Our research focuses on the co-design of algorithms and hardware for better understanding, search, and reduced complexity training of deep neural networks for machine learning applications.


Neural networks in machine learning are critical drivers of new technologies such as automatic speech recognition, self-driving cars, and computer vision.

Unfortunately, training neural networks is computationally intensive and can take weeks, which severely limits efficient search for network models and hyperparameters. As more data becomes available, the problem is further exacerbated because larger, more effective models become desirable.

The ultimate goal of our research is to democratize and distribute the ability to conduct large-scale neural network training and architecture search at high speed using hardware accelerators.

Project supported by the
NSF CCF-1763747 award

Research Plan

Our interdisciplinary research plan spans theory, hardware architecture and design, software control, and system integration.

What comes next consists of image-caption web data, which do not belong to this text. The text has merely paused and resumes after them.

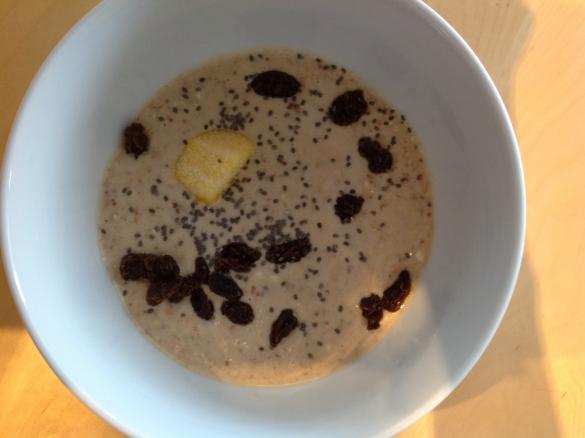 Basischer Frühstücksbrei, Korn mit Obst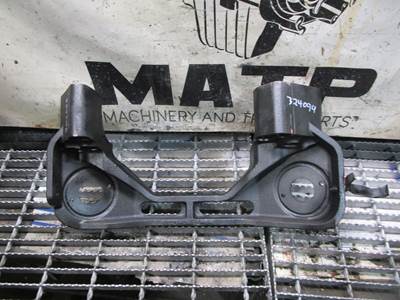 Cummins ISX Diesel Engine Front Motor Mount Part# 3102796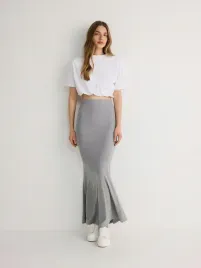 szara-spodnica-z-wiskozowej-dzianiny-reserved-l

We propose a new class of pre-defined sparse neural networks co-designed with parallel and reconfigurable hardware architectures that maximize circuit speed in Field Programmable Gate Arrays (FPGAs). Algorithm-hardware co-design differentiates our approach from previous work where sparsity is enforced during or at the end of training.

Our research is applied to simplify and automate neural architecture search by developing software and algorithms for system performance analysis, scheduling and managing multiple FPGA boards.